The trouble with Hit & Run is that Griffin and Masters don't know what's lousy about Rain Man to begin with. They know exactly how movies shouldn't be managed as a business; they show no indication of knowing how they should be managed as art. Movies are judged almost exclusively by their commercial performance. I don't wish to be unfair to Griffin and Masters. They are working here as business journalists, not critics. And this book, a model of clarity, readability and scrupulousness, is light-years from the publicist-driven pabulum that too often passes for entertainment reporting these days. But the movies have always gotten into trouble when they have been viewed exclusively as either a business or an art. Hollywood has more to fear from a handful of M.B.A.'s who have power but no instinct for what makes good movies than from a hundred conniving little Sammy Glicks like Jon Peters and Peter Guber. --Charles Taylor
Kirkus Reviews
From Final Cut to The Devil's Candy, there are any number of well-told tales of epic motion picture disasters, but they all pale in comparison to this detailed, devastating account of the grandest debacle of them all.

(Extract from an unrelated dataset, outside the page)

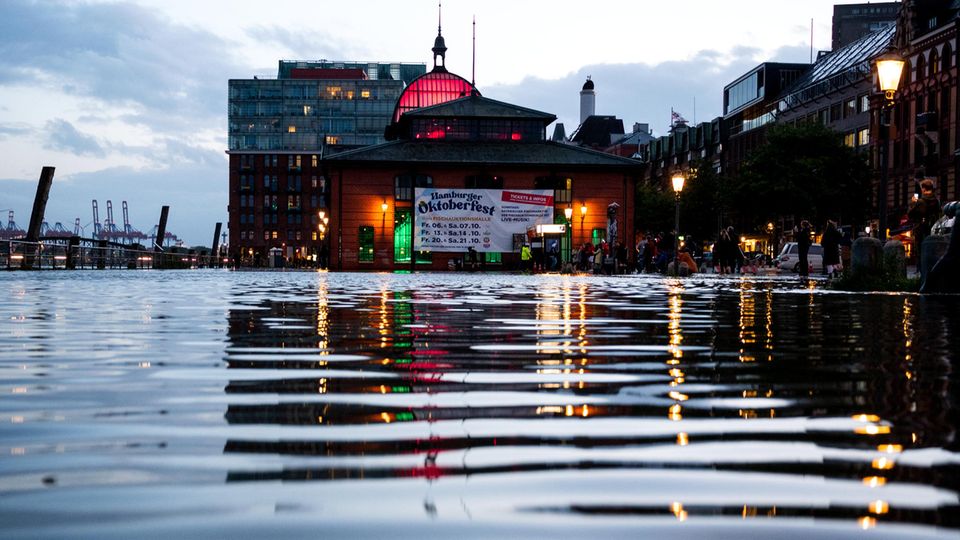 The water of the Elbe sloshed over the quay edges at the Hamburg fish market on Monday evening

Even by the usual shoulder-shrugging "Nobody knows anything" credo of Hollywood, Sony's appointment of Jon Peters and Peter Guber to head up their newly purchased Columbia Pictures was a stunning act of blind faith. As independent producers, Peters and Guber had been responsible for a remarkable string of mediocre successes and outright flops, with Batman one of their few genuine hits. So disliked were they that Steven Spielberg even had a provision in one contract explicitly barring them from his set. But in a town where executives are perpetually failing upwards, it made a strange kind of sense that the two should become studio heads. However such dubious talent didn't come cheaply. Variety estimated that just to buy up Guber and Peters's production company, as well as settle their contract with Warner Brothers, cost Sony nearly a billion dollars. This was just the beginning. From a complete remodeling of Columbia's offices to overbidding on movie properties, the two men went on a spending spree of brobdingnagian proportions. A few minor flops and major embarrassments later, the volatile Peters was off the lot, multimillion dollar buyout in hand. But even as bad went to worse, culminating in such bombs as the Last Action Hero and I'll Do Anything, Guber hung on for almost five years. Despite some awkwardness in their characterizations (particularly of Guber), Griffin, the West Coast editor of Premiere magazine, and Masters, a reporter for the Washington Post, have done excellent spadework, providing a full, lucid, even gripping, account of everything that went so very wrong.
A dead-on, damning indictment of Hollywood cupidity, stupidity, and excess.